▶ ASSIGNMENT
Find the line containing "Façade d'une maison" in the material below, then please transcribe it and each line after it exactly, without the pictures.

▶ SUPPLIED DATA

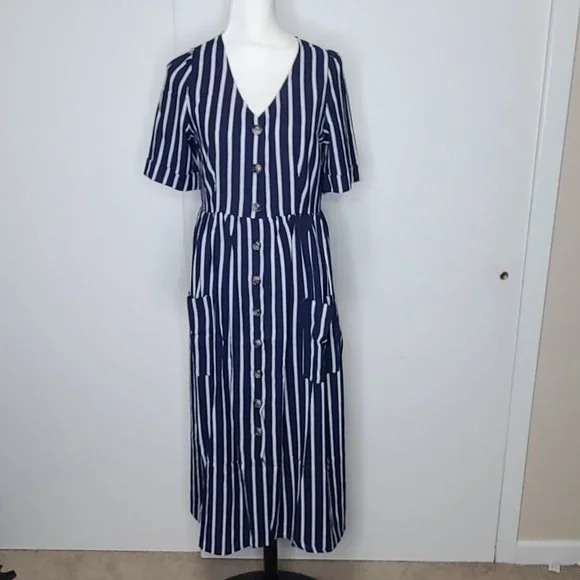 DAVI & DANI | Dresses | Navy And White Striped Midi Dress | Poshmark DAVI & DANI | Dresses | Navy And White Striped Midi Dress | Poshmark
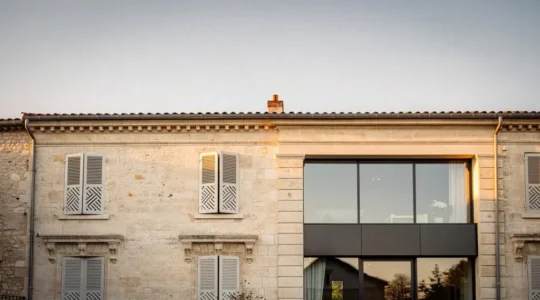 Façade d'une maison de caractère française avec des menuiseries modernes mettant en valeur le patrimoine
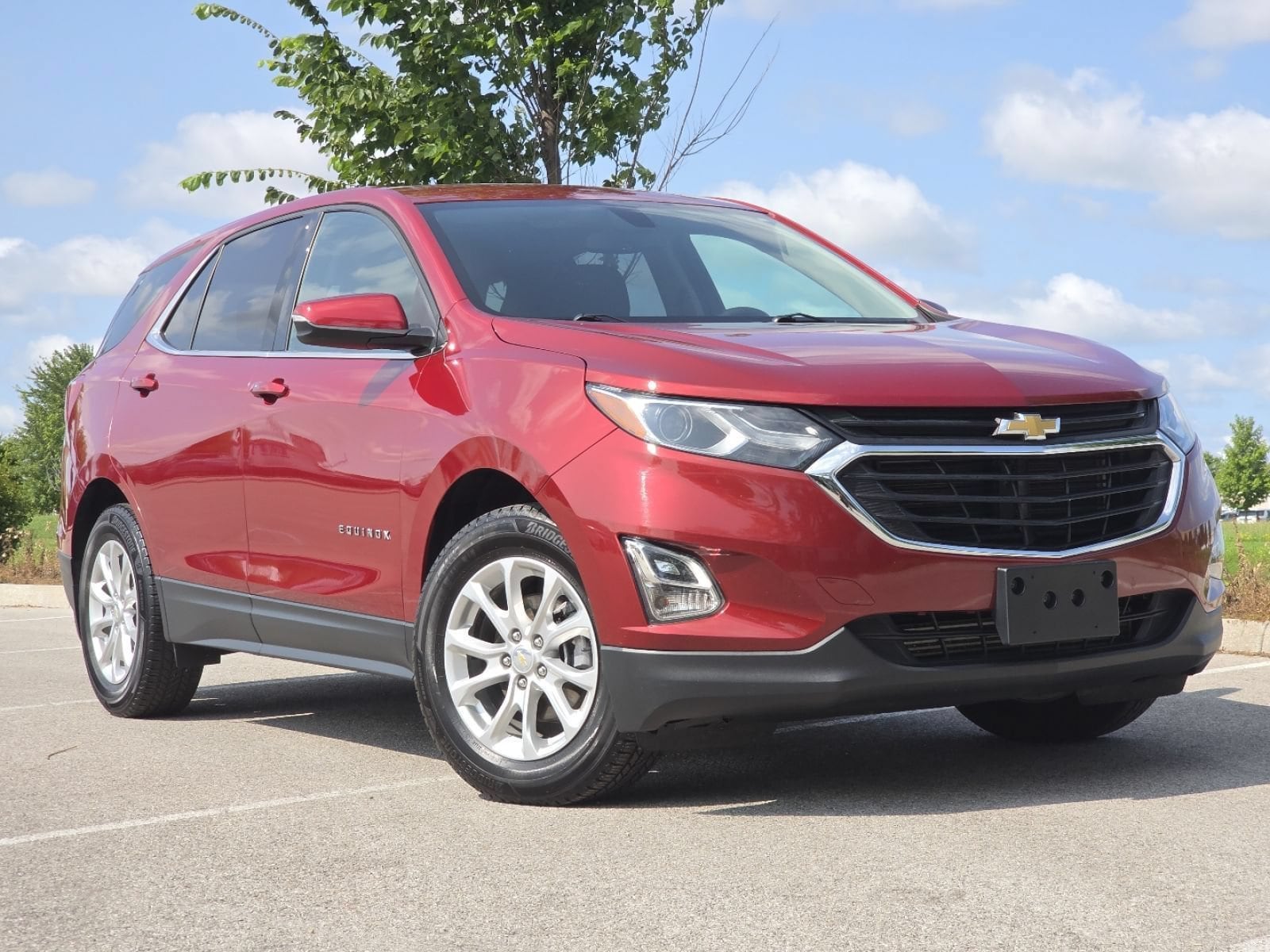 Used 2018 Chevrolet Equinox LT with VIN 2GNAXJEV7J6350493 for sale in Maumee, OH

▶ RESULT OF THIS EXERCISE
 Façade d'une maison de caractère française avec des menuiseries modernes mettant en valeur le patrimoine
 Used 2018 Chevrolet Equinox LT with VIN 2GNAXJEV7J6350493 for sale in Maumee, OH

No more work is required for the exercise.